Study after study shows the challenges women face in retirement.

A recent study by BNY Mellon showed that the average woman’s portfolio needs to earn at least 50 basis points more per year than a man’s to get her wealth to last as long as she does.

Another study by the National Women’s Law Center finds that a woman who works for 40 years earns nearly $430,000 in lifetime income than a man. The same study finds that an average woman would need to work 11 years longer than the typical man to make up the income difference.

According to Miller, the gender income gap is fundamental to the question of how to solve women’s retirement crisis.

“The gender income gap feeds very directly into the retirement security gap because it translates into lower Social Security benefit, lower pension benefit in the case of those that do have a defined benefit plan, and of course lower savings.”

Hounsell and Miller gave some tips and strategies to the audience of financial advisors on how they can help women have a more successful retirement.

1. Education, education education.

Education is key, Hounsell said.

Through her work at the Women’s Institute for a Secure Retirement (WISER), Hounsell has found that nobody knows the basics about investing and finances.

“It doesn’t matter the income level. We’ve done studies with nurses, teachers, high-level executives and it’s kind of all the same nervousness,” she said. “You’re thrown all these concepts. You go in and someone starts talking about ETFs and you don’t even know what a mutual fund is. Even though people can learn all of this, they never quite get the beginning of what it all means.”

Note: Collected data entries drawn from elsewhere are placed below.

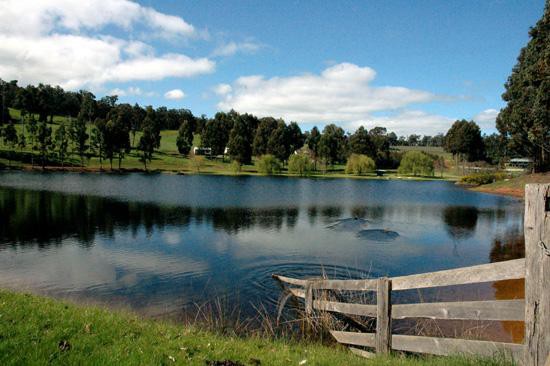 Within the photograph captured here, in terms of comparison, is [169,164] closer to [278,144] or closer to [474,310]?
[278,144]

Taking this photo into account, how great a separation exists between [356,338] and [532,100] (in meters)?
59.7

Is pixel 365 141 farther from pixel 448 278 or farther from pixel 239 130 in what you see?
pixel 448 278

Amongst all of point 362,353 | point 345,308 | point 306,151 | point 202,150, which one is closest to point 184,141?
point 202,150

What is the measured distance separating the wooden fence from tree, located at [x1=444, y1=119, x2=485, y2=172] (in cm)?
15737

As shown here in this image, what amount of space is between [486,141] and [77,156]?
151 metres

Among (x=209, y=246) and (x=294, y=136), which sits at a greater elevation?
(x=294, y=136)

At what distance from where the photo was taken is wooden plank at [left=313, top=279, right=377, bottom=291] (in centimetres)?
897

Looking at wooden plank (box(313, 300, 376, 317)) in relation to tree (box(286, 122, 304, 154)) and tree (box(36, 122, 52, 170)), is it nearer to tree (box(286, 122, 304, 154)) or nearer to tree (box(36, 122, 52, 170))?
tree (box(36, 122, 52, 170))

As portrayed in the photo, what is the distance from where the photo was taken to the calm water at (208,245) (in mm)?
17766

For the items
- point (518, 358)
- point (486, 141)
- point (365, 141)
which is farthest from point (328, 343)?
point (486, 141)

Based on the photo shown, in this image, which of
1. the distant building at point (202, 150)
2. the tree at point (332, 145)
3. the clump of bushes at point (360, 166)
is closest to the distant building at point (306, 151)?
the tree at point (332, 145)

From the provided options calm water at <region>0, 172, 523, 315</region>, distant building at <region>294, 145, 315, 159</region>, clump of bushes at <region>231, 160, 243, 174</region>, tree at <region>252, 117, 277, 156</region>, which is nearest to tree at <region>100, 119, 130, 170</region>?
clump of bushes at <region>231, 160, 243, 174</region>

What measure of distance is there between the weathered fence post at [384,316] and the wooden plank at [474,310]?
0.39m

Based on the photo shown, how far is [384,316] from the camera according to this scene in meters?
8.38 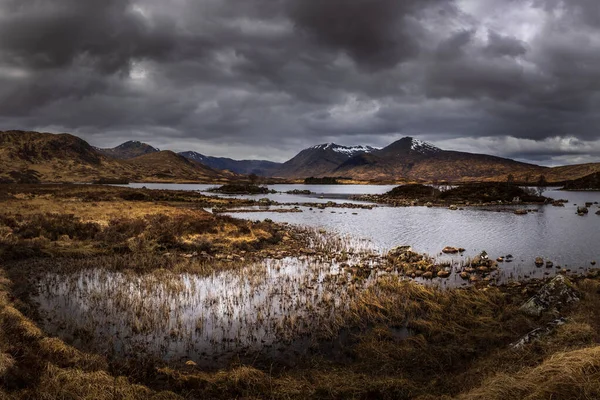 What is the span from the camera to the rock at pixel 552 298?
17.2m

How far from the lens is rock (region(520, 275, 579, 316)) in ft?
56.6

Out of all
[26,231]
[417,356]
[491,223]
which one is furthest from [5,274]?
[491,223]

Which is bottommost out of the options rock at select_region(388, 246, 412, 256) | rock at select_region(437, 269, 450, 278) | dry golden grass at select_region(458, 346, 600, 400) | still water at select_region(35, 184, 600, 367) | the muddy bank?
still water at select_region(35, 184, 600, 367)

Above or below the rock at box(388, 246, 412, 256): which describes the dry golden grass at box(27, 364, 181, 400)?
above

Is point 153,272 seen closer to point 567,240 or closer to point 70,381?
point 70,381

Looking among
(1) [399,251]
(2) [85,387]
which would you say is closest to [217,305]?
(2) [85,387]

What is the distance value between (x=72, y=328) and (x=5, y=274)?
38.6 ft

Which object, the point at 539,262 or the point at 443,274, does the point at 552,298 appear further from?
the point at 539,262

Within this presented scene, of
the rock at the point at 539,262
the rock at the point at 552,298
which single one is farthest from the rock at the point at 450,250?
the rock at the point at 552,298

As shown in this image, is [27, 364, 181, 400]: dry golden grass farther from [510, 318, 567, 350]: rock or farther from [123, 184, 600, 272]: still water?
[123, 184, 600, 272]: still water

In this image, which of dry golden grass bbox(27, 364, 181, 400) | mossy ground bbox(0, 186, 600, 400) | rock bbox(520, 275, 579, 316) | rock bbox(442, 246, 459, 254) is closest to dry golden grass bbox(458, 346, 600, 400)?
mossy ground bbox(0, 186, 600, 400)

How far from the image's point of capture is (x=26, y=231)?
35.0 meters

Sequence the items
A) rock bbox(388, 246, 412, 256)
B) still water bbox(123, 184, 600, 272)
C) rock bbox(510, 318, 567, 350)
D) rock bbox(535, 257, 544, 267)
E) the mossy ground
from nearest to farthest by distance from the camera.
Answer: the mossy ground, rock bbox(510, 318, 567, 350), rock bbox(535, 257, 544, 267), rock bbox(388, 246, 412, 256), still water bbox(123, 184, 600, 272)

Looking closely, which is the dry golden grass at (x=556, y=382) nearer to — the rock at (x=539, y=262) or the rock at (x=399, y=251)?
the rock at (x=399, y=251) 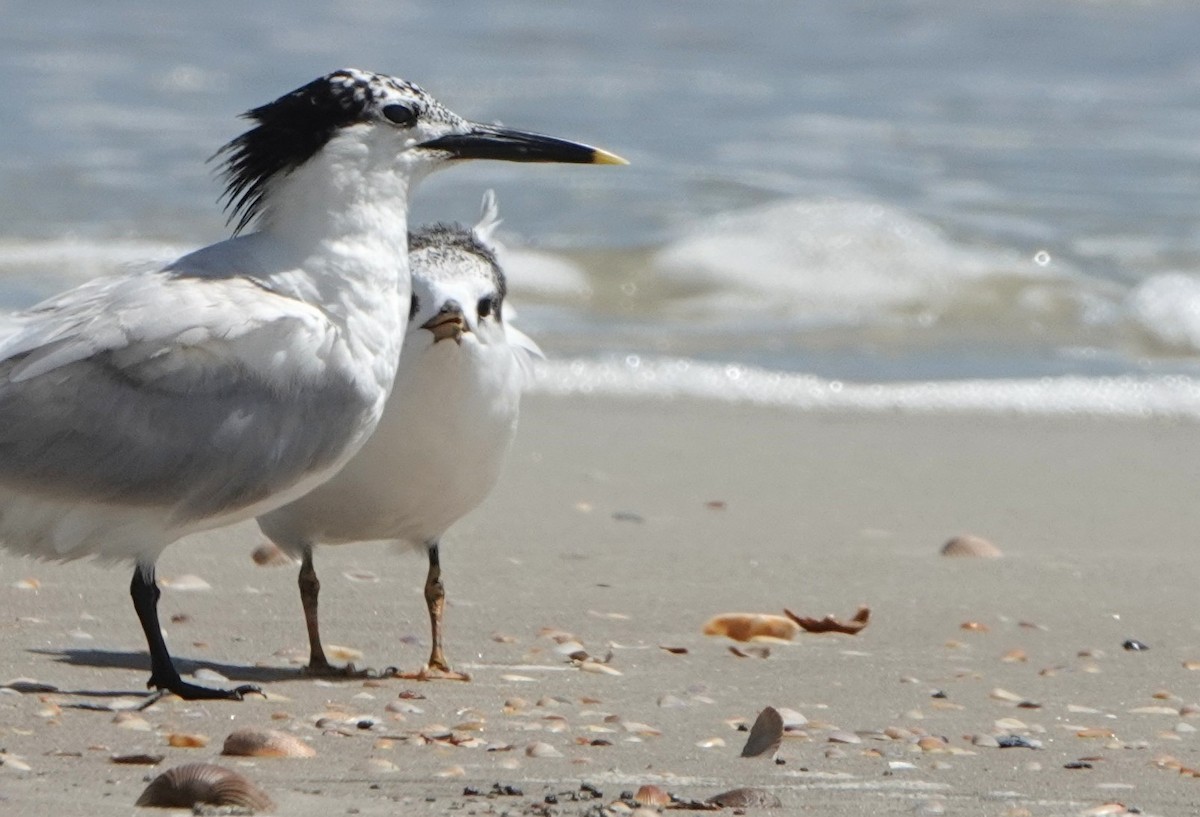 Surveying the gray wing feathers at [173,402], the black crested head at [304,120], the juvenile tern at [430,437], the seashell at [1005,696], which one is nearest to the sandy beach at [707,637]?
the seashell at [1005,696]

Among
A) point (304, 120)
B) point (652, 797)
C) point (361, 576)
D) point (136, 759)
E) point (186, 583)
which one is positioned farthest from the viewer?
point (361, 576)

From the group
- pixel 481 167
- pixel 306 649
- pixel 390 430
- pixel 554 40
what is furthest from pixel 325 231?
pixel 554 40

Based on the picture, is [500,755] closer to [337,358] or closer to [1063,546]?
[337,358]

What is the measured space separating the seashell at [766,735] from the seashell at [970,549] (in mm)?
2113

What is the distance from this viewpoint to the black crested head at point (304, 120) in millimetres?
3783

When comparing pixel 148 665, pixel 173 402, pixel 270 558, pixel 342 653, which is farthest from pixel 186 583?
pixel 173 402

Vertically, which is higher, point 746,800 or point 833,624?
point 833,624

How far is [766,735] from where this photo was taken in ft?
11.1

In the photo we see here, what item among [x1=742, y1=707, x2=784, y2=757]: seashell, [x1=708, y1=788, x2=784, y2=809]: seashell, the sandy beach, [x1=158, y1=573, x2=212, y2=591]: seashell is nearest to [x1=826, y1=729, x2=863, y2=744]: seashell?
the sandy beach

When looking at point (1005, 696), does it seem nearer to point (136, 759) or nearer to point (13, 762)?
point (136, 759)

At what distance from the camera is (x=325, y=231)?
3.76m

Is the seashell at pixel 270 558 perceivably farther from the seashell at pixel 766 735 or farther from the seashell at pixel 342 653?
the seashell at pixel 766 735

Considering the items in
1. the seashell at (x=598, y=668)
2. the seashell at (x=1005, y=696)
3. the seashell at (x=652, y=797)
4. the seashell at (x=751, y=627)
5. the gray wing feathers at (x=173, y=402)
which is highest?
the gray wing feathers at (x=173, y=402)

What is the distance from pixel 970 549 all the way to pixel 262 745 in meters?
2.75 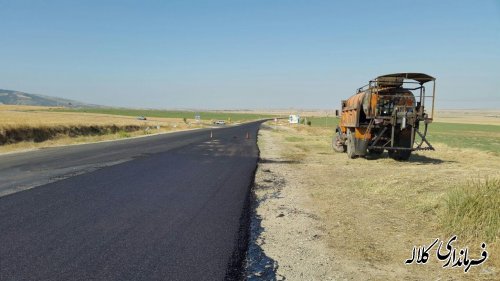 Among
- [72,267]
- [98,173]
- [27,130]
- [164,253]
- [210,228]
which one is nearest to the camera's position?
[72,267]

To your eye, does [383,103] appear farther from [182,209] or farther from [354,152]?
[182,209]

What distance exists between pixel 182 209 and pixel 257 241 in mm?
2276

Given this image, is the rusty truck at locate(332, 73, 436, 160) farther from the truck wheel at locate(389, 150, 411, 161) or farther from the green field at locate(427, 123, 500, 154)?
the green field at locate(427, 123, 500, 154)

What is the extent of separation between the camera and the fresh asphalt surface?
4.53 m

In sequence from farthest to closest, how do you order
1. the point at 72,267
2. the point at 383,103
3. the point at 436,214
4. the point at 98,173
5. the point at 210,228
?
the point at 383,103 → the point at 98,173 → the point at 436,214 → the point at 210,228 → the point at 72,267

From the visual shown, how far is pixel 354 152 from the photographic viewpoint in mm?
16781

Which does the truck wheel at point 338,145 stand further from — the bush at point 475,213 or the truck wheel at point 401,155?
the bush at point 475,213

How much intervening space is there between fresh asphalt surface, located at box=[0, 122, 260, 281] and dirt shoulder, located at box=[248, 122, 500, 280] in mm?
629

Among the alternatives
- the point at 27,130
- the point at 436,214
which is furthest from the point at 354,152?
the point at 27,130

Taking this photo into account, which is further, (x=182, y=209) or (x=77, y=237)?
(x=182, y=209)

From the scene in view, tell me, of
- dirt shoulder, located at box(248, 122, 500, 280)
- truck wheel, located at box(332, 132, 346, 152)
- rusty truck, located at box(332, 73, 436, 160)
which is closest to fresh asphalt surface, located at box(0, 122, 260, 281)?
dirt shoulder, located at box(248, 122, 500, 280)

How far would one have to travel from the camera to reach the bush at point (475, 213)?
19.1 ft

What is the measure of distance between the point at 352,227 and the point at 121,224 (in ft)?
13.2

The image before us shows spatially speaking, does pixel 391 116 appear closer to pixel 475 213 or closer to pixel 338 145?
pixel 338 145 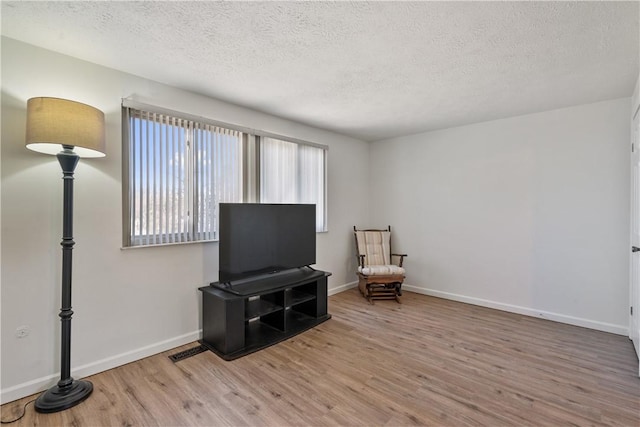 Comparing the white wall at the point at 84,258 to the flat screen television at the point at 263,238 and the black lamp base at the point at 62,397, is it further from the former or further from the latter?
the flat screen television at the point at 263,238

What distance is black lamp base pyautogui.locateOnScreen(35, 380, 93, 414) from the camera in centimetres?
195

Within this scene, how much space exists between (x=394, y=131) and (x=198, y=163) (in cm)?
300

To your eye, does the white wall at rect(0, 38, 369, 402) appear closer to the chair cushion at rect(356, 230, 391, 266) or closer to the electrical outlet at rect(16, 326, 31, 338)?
the electrical outlet at rect(16, 326, 31, 338)

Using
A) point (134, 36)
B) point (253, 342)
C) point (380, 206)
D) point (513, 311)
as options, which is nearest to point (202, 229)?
point (253, 342)

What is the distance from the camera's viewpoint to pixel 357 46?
2.14 meters

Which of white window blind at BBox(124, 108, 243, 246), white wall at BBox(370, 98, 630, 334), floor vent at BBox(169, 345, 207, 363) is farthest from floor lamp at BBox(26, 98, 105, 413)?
white wall at BBox(370, 98, 630, 334)

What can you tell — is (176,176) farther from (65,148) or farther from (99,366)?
(99,366)

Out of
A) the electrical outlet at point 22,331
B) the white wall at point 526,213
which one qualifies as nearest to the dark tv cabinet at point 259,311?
the electrical outlet at point 22,331

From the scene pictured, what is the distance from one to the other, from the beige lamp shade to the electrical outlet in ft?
4.15

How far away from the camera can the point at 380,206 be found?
206 inches

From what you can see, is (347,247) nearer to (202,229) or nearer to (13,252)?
(202,229)

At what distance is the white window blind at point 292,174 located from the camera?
144 inches

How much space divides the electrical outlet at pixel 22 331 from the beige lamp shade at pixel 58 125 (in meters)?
1.26

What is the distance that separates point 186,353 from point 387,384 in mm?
1811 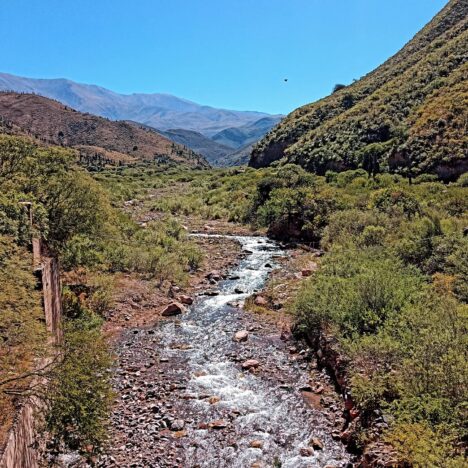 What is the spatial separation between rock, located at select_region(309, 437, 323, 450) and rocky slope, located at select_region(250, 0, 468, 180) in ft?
104

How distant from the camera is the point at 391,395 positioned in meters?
9.33

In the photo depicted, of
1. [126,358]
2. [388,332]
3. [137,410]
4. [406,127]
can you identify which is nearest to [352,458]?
[388,332]

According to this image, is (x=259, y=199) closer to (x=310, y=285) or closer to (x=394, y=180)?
(x=394, y=180)

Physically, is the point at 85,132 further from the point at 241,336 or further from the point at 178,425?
the point at 178,425

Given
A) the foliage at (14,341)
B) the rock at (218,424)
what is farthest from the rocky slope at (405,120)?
the foliage at (14,341)

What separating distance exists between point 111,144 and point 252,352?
129 meters

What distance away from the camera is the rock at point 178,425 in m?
9.73

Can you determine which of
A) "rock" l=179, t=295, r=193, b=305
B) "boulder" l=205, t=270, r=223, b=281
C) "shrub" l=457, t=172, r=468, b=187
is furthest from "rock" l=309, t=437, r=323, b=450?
"shrub" l=457, t=172, r=468, b=187

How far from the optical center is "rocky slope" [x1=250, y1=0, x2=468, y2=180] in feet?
130

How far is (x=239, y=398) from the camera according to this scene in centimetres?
1108

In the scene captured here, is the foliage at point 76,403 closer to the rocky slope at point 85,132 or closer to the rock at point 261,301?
the rock at point 261,301

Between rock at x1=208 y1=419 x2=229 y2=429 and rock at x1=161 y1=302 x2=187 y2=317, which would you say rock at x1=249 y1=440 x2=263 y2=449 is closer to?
rock at x1=208 y1=419 x2=229 y2=429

Retirement is one of the top fears in almost every study of women, Hounsell said.

2. Include both spouses.

Both Miller and Hounsell stressed the importance of including both spouses in meetings with a financial advisor.

“There was a study … saying that 70% of the widows leave an advisor after the spouse dies,” Hounsell said. “It’s important to … make sure you’re talking to the person. I know this seems obvious but complaints are often because the women don’t go to the meetings many times.”

Miller agreed that it’s “very important” for both spouses to be on board with the relationship with the financial planner. He also stressed the importance for both spouses to be comfortable with the investing style and approach beign used by the advisor because men and women often view investing differently.

“Men tend to treat it as a game … and it turns into this macho exercise,” Miller said. “Women don’t think about It this way generally. They tend to be more goal oriented, not very interested in the … investing. Men have this tendency to trade much more actively and as a result they have lower returns than women. That’s the flip side of the gender gap.” 3. More risk isn’t necessarily needed.

While some studies say women should take on more risk in their portfolios, Miller disagrees.

“I don’t buy that argument. I don’t think taking more risk is the answer,” he said. “I get the idea that there’s this gap you’re trying to close but to me more risk isn’t the answer.”

What is the answer? Miller says it’s “starting earlier with saving, higher savings rate, optimize Social Security, and deal with it more holistically.”

4. Start with Social Security.

Miller’s advice to financial advisors: “I always start with Social Security.”

This ties in with Hounsell and Miller’s advice to include both spouses.

“I think it’s important to make sure your married clients are doing joint optimization planning. Very often people tend to think about Social Security in isolation. When should I file to get my benefit?”